Peter Ames Carlin is writing a history of Warner Bros. Records.

Jonathan Coulton’s cover of “Sister Golden Hair” presents as a sleight of hand. The opening 12-string guitar strums are exactly right, and so is the slide guitar line that sirens in at the fifth bar. The electric rhythm guitar is deeper in the mix but also so perfect in tone and placement that anyone familiar with America’s 1975 smash hit would have no doubt that they’re listening to the same recording they’ve been hearing since the Ford administration. Until the vocals start, because isn’t that a whole other guy singing?
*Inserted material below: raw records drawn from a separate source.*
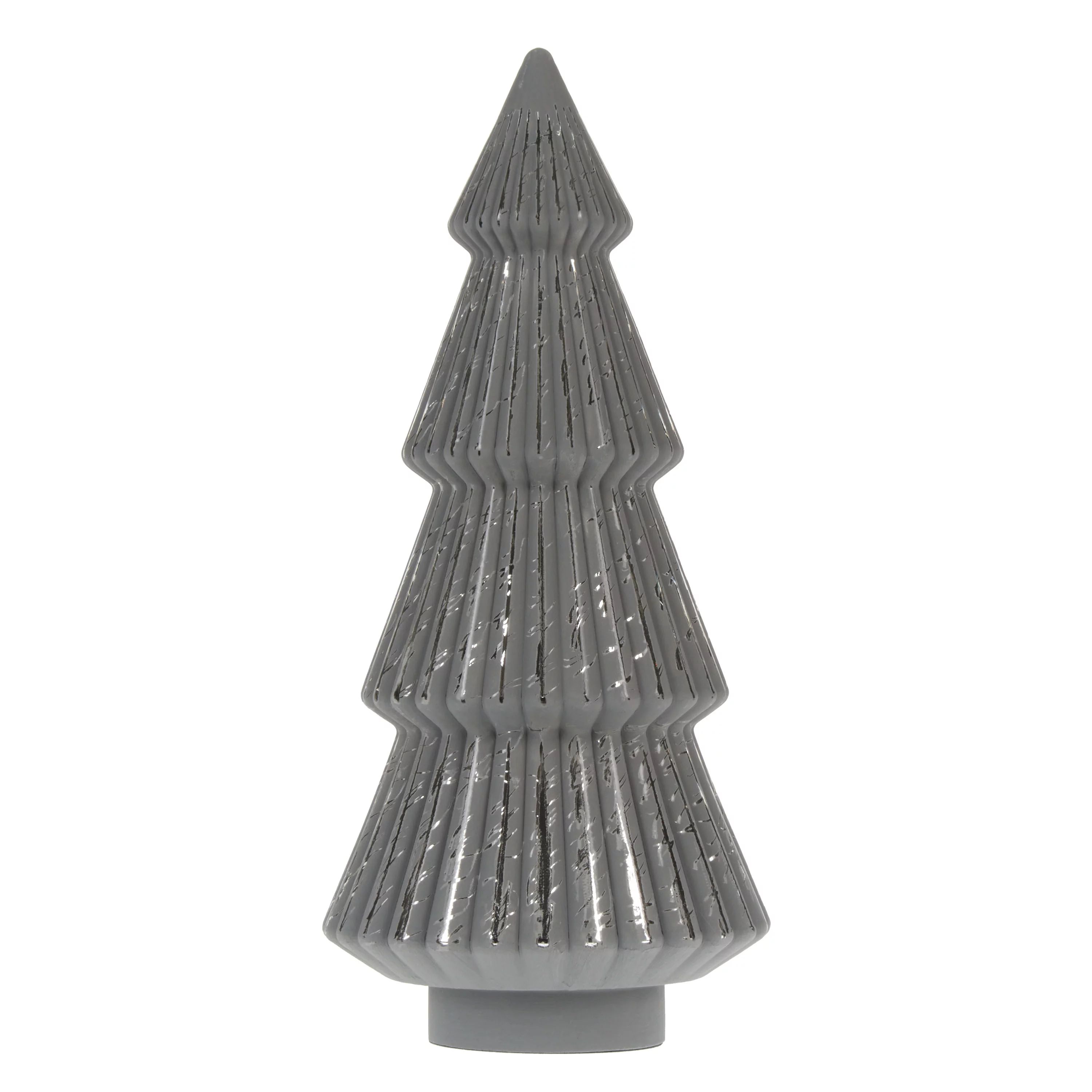 Holiday Time Gray Glass Christmas Tree Table Top Decoration, 12" | Walmart (US)
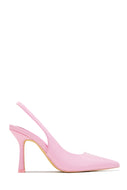 Kelly Slingback Pointed Toe Heels - Pink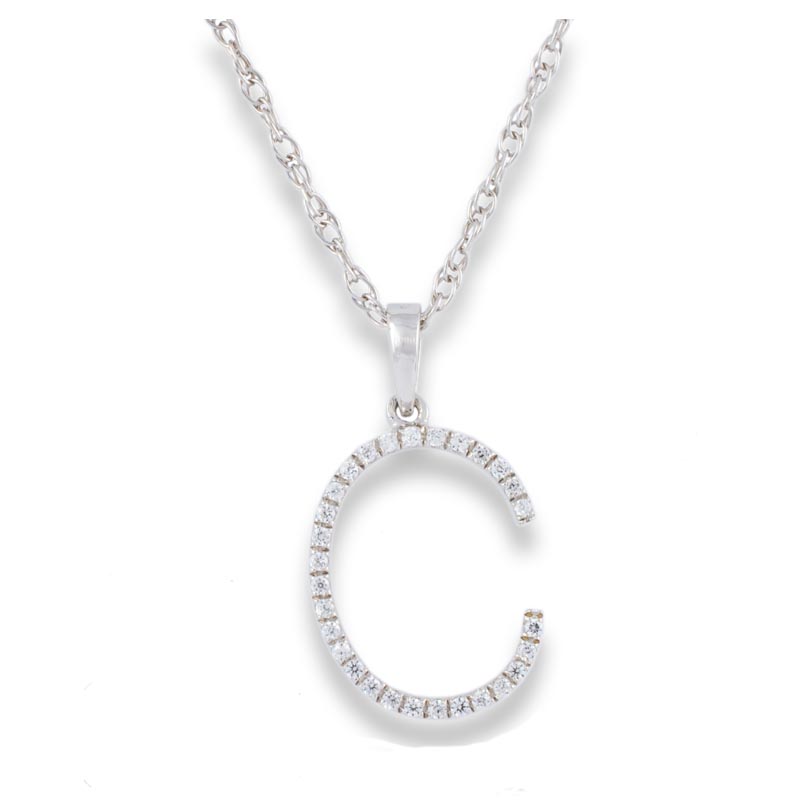 Diamond Initial C Necklace - (White Gold)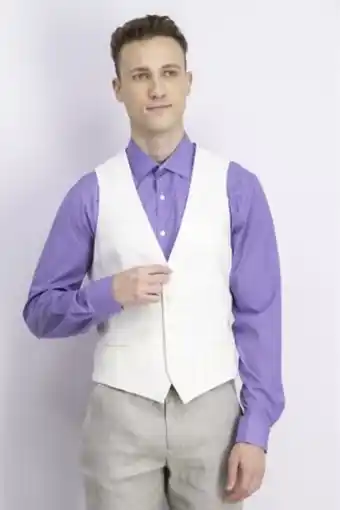 Brands For Less Men slim fit plain formal vest, white offer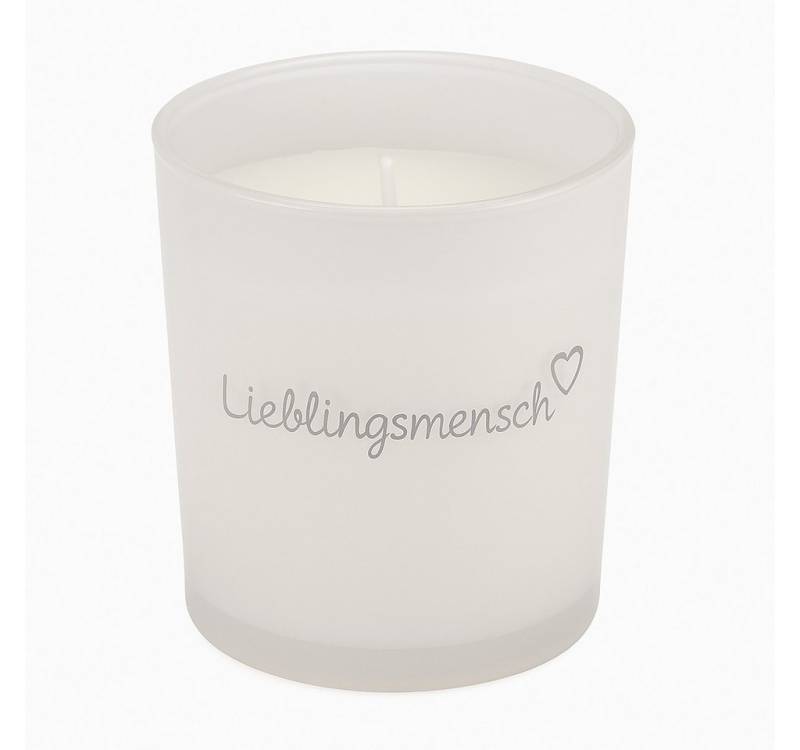 what the shop Teelicht Kerze im Glas „Lieblingsmensch“ – rund, matt & bedruckt, ca. 7x7,5 cm, Kleine Kerze, große Botschaft der Liebe von what the shop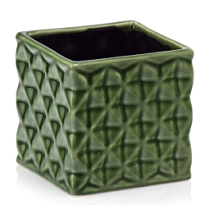 Кашпо квадрат Polnix Vintage d14 h13см керамика зеленый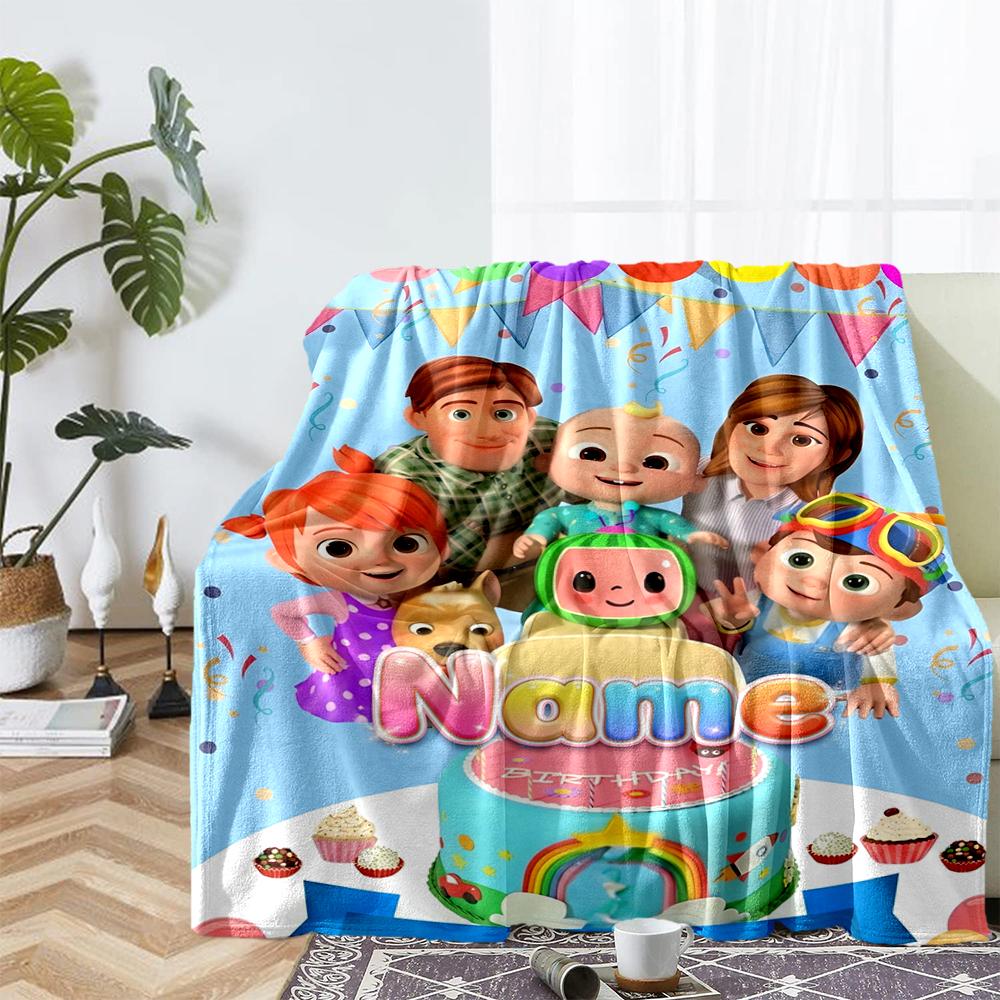 Custom Name Cocomelon Theme Printed Blanket - Perfect for Couch, Bed, Travel & Outdoor Use | Machine Washable, Cozy & Durable.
Indeed. All of the songs on Coulton’s Some Guys, released on his own label in April, are near-exact copies of the soft rock hits the singer-songwriter loved during his awkward teenage years. Although he’s best known as a comic balladeer of nerd culture for the NPR/hipster set—he’s currently on tour with indie singer-songwriter icon Aimee Mann—Coulton came to this project with serious, heartfelt intent. And not as an Elaine Sturtevant–style meditation on authenticity and originality, but as a tribute to both the music and the sensitivity of his younger self.

Coulton’s hip credentials give the rest of us license to hear the songs with new ears. His multi-tracked vocals on “How Deep Is Your Love” have a depth the Bee Gees’ falsetto harmonies lacked. Gilbert O’Sullivan’s “Alone Again (Naturally)” will never not be intolerably self-pitying, but who knew that Michael Martin Murphey’s ballad “Wildfire,” in which the singer’s fixation on a girl who expired years earlier foreshadows his own death, had the eeriness of an Ambrose Bierce tale?

The redo of the Eagles’ “New Kid in Town” misses the alternating textures of Don Henley’s and Glenn Frey’s voices, and there’s a more-felt-than-heard funk to the Commodores’ “Easy” that you won’t find here. But Coulton’s coming out as a guy with feelings for 1970s soft rock is too much of a pleasure to let that keep you away.